I attended the National Crisis of Race and Policing meeting initiated by the Beloved Community Center at Bethel AME Church on Monday, July 11.
A number of liberal and black organizations were listed as sponsors, but it turned out to be just another meeting called by Rev. Nelson Johnson of the Beloved Community Center, and another opportunity for him to give the same speech he has been giving for 40 years.
In the 1970s, Nelson Johnson became a communist and was a member of the Communist Workers Party that infamously had a shootout with the Klan and Nazis in Morningside Homes in November 1979.
At that time, the communists were calling for a violent overthrow of the US government. The communists said that tens of thousands of people would have to die but that the government had to be overthrown.

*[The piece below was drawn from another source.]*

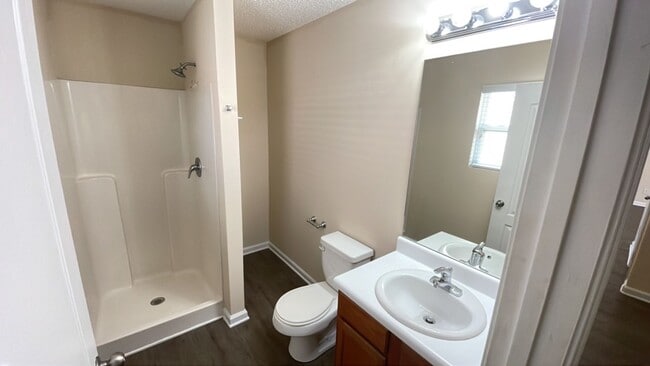 Building Photo - BRIDGEWATER HOME! PRE-LEASING FOR AUGUST 2...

Nelson Johnson’s rhetoric has changed over the years; he now calls for systemic change. He said Monday night that it didn’t matter if Greensboro had a new police chief, a new city manager and a new mayor, that it was the system that was corrupt and had to be changed. He said that in Greensboro, we need to “uproot this cuture and put in place a different culture.” Different words but the same message.
Nelson Johnson talked about the history of slavery in this country and how whites had to pay for that history. Slavery ended in the US in 1865.
Sitting there listening to Nelson Johnson, I heard the same speech I have heard him give for the past 25 years, and the same speech I have read about him giving since the 1970s.
Nelson Johnson ignores the fact that the country has moved forward, perhaps not as fast as he would like, but it has moved forward.
In 1979, the idea that the people of the United States would elect a black man as president was a pipe dream. Today it is a reality.
In Greensboro we have elected a black mayor and have had black city managers, police chiefs, chairmen of the Guilford County Board of Commissioners, school superintendents, city councilmembers, county commissioners, North Carolina Supreme Court judges and a black county manager and chairman of the Guilford County Board of Education. The public schools in Greensboro have been integrated for 59 years.
The country has moved on, but Nelson Johnson talks about the days of Jim Crow and segregation.
The solution he sees to the problems in society is the overthrow of the government, or, in today’s terms, systemic change in the government. The change that society has chosen is more gradual, but it is moving forward.
Is there still racism today? Absolutely. A couple of weeks ago we had a photo of a black man dancing with a white woman on the cover. We received a phone call from a man who said he would never read our paper again. He and Johnson both appear to be caught in the past.
On one of the back rows of Bethel AME Church on Monday sat former Chairman of the Guilford County Board of Commissioners Skip Alston. He was not just the chairman of the Board of Commissioners, he was also the most powerful person in Guilford County government for years. When Alston was chairman, nothing was done without his approval.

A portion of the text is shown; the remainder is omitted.